4. Be careful not to overwater houseplants; most don't require much water during winter.

5. As long as the ground isn't frozen, you can plant the bulbs you didn't get around to planting in fall, but expect smaller plants this year.

6. It's the Epiphany: time to take down the Christmas tree. Trim branches and use as mulch over garden beds.

7. Take an inventory of seeds and supplies so you'll know what needs to be replenished.

8. Mist houseplants every other day with room-temperature water or run a humidifier.

9. Avoid walking on frozen turf.

10. Gently rinse houseplant foliage, trim brown leaves and repot into a slightly larger container, but don't fertilize until next month.

11. Order seeds for annuals now for starting next month.

12. Reapply deer and rodent repellents.

13. When temperatures are above 40 degrees, spray broadleaf evergreens with anti-desiccant to protect from winter damage.

14. Check tree branches for beige-colored blobs. They're gypsy-moth egg cases. Remove, destroy and discard in the trash.

15. Check stored bulbs and corms, sprinkle with water if necessary and discard any that have rotted.

16. Gently poke a hole through frozen fish ponds to release gasses, or hold a potful of steaming water over ice to melt an opening in the surface.

17. Rotate houseplant pots with every watering to keep them from bending toward the light.

18. Monitor tree and shrub branches and prune those that are broken.

19. When shoveling snow, pile it onto perennial beds as long as you haven't salted. It'll add extra insulation, igloo-like.

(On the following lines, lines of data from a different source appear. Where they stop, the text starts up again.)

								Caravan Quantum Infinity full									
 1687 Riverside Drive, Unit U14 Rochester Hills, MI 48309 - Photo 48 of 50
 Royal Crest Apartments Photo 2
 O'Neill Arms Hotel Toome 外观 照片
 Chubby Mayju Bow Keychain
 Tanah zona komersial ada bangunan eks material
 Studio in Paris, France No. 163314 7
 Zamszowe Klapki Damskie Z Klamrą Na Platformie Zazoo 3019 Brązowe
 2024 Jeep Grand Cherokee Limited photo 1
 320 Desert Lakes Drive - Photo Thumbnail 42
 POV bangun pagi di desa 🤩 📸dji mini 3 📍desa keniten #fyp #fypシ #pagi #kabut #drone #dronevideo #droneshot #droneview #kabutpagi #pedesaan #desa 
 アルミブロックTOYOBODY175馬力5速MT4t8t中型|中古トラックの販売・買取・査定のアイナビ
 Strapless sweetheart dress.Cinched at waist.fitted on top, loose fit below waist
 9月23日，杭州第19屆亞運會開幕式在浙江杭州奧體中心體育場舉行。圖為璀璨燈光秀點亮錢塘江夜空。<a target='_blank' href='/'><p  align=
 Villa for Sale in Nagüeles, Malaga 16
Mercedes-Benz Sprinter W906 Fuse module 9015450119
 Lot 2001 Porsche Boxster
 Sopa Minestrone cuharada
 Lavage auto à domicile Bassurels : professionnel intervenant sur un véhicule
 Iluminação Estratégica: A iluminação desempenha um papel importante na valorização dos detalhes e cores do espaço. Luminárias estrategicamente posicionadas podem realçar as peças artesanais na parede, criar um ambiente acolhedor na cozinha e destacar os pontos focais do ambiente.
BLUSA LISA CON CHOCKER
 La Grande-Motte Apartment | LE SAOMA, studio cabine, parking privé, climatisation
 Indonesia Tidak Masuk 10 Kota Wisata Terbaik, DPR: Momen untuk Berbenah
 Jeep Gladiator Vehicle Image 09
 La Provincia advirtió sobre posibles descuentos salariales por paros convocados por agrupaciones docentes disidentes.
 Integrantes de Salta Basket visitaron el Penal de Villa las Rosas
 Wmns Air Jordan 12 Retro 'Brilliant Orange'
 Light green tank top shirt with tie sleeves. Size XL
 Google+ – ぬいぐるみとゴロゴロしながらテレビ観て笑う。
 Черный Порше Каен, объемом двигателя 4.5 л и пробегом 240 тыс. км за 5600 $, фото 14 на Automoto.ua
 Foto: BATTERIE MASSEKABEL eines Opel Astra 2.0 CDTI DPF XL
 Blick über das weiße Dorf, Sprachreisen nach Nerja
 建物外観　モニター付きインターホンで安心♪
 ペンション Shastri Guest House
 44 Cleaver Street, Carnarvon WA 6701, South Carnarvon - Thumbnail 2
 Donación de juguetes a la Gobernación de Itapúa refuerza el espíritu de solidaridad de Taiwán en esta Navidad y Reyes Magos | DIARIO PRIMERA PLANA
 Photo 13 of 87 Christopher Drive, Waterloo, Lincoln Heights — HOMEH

20. Inspect indoor plants for pests, taking care to check under leaves where many prefer to live.

21. Check bog plants overwintering indoors and discard those that are rotting.

22. Clean and sterilize seed-starting supplies to avoid spreading damping-off and other diseases.

23. When blooms are faded, deadhead forced amaryllis, but discard paperwhites.

24. Check perennials and bulbs in the garden and use your foot to push back those that have lifted out of the ground.

25. Order vegetables and perennials. The most popular seeds and plants will sell out soon. Most nurseries time shipping for spring planting.

26. Start parsley, onions and leeks indoors. Start seeds in a dark location, and as soon as there are sprouts move them into bright light - under fluorescent grow lights or by a super sunny windowsill.

27. Begin pruning dormant fruit trees, but be sure to complete the task by the end of March.

28. Brush snow off evergreen limbs with a broom to avoid deformities and breakage.

29. Cut branches of forsythia, dogwood, honeysuckle, lilac, quince and redbud and place in vases to bloom early.

30. Start slow-growing annuals like ageratum, nicotiana, snapdragons and verbena indoors.